Union Army general (1839–1881)

Emory Upton (August 27, 1839 – March 15, 1881) was a United States Army general and military strategist, prominent for his role in leading infantry to attack entrenched positions successfully at the Battle of Spotsylvania Court House during the American Civil War, but he also excelled at artillery and cavalry assignments. His work, The Military Policy of the United States, which analyzed American military policies and practices and presented the first systematic examination of the nation's military history, had a tremendous effect on the U.S. Army when it was published posthumously in 1904.

== Early life ==
Upton was born on a farm near Batavia, New York, the tenth child and sixth son of Daniel and Electra Randall Upton.
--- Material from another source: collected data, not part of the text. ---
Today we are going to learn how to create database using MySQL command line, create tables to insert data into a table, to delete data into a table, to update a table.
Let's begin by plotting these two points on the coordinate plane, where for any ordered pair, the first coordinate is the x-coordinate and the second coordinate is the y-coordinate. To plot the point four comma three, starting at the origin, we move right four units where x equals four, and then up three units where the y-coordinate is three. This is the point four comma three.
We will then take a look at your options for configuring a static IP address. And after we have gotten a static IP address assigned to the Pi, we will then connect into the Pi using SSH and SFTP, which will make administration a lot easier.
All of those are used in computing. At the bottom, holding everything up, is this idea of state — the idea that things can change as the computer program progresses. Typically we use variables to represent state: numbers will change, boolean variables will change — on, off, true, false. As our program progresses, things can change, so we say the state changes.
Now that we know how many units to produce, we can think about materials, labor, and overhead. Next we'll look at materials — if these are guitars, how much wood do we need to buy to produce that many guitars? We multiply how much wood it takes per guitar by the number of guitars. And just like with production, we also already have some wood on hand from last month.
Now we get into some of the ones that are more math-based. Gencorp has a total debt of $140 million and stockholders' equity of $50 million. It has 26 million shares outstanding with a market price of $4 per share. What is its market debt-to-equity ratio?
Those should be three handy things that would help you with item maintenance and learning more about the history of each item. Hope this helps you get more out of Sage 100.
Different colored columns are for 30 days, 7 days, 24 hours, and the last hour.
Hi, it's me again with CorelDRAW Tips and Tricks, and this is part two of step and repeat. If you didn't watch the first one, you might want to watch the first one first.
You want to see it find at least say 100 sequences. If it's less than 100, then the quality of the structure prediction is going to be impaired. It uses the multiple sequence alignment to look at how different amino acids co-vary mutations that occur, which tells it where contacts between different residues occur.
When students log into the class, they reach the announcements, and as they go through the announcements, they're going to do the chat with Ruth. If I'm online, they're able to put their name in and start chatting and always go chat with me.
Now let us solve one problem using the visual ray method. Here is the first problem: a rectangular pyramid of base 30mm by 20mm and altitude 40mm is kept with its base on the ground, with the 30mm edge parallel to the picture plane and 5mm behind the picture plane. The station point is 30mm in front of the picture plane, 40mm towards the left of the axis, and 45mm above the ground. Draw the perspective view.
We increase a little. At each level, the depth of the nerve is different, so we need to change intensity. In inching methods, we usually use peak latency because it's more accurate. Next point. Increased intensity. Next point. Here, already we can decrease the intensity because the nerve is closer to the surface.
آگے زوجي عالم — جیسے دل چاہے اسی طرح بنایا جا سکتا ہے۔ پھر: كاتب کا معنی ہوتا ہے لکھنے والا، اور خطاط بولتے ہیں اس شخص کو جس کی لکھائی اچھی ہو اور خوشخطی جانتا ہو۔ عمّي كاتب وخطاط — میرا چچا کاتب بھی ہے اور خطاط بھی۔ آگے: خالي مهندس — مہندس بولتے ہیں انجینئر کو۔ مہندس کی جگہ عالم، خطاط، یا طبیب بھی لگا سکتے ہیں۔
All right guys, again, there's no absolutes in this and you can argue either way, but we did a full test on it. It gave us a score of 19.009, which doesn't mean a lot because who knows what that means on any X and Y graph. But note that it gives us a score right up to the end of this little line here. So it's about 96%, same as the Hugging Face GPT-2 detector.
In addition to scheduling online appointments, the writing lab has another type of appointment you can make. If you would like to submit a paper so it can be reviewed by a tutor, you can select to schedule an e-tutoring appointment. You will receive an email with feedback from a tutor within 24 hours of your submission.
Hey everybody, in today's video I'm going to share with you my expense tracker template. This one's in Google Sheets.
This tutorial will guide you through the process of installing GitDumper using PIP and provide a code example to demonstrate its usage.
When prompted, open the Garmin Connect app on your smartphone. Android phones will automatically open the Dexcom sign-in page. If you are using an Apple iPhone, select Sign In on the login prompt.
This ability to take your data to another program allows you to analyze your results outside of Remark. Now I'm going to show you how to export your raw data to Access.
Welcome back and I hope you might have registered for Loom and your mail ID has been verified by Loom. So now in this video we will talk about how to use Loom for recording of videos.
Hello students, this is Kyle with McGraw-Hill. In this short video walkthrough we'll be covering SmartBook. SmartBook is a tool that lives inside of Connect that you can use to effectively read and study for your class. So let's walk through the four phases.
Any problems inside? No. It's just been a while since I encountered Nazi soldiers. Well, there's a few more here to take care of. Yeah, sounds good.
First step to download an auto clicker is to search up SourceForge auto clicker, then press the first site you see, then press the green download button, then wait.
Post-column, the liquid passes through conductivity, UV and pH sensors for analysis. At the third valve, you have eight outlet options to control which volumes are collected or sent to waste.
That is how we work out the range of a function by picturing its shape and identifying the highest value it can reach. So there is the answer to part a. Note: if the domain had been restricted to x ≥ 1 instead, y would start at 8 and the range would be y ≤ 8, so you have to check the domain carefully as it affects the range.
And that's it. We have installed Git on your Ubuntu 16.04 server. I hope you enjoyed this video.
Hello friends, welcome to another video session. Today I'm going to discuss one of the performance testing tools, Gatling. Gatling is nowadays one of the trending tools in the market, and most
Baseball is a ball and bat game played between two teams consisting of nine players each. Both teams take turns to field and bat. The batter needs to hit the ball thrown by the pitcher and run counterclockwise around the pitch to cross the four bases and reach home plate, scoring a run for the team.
He would become the brother-in-law of Andrew J. Alexander and of Frank P. Blair Jr. He studied under famous evangelist Charles G. Finney at Oberlin College for two years before being admitted to the United States Military Academy at West Point in 1856. While at West Point, Upton lost a duel against fellow Cadet Wade Hampton Gibbes of South Carolina. Gibbes made remarks to other cadets about Upton's relationships with African-American girls at Oberlin College which prompted Upton to challenge Gibbes to a duel. The two men fought with swords in a darkened room of the cadet barracks. Upton suffered a deep cut on his face. He graduated eighth in his class of 45 cadets on May 6, 1861, just in time for the outbreak of the Civil War.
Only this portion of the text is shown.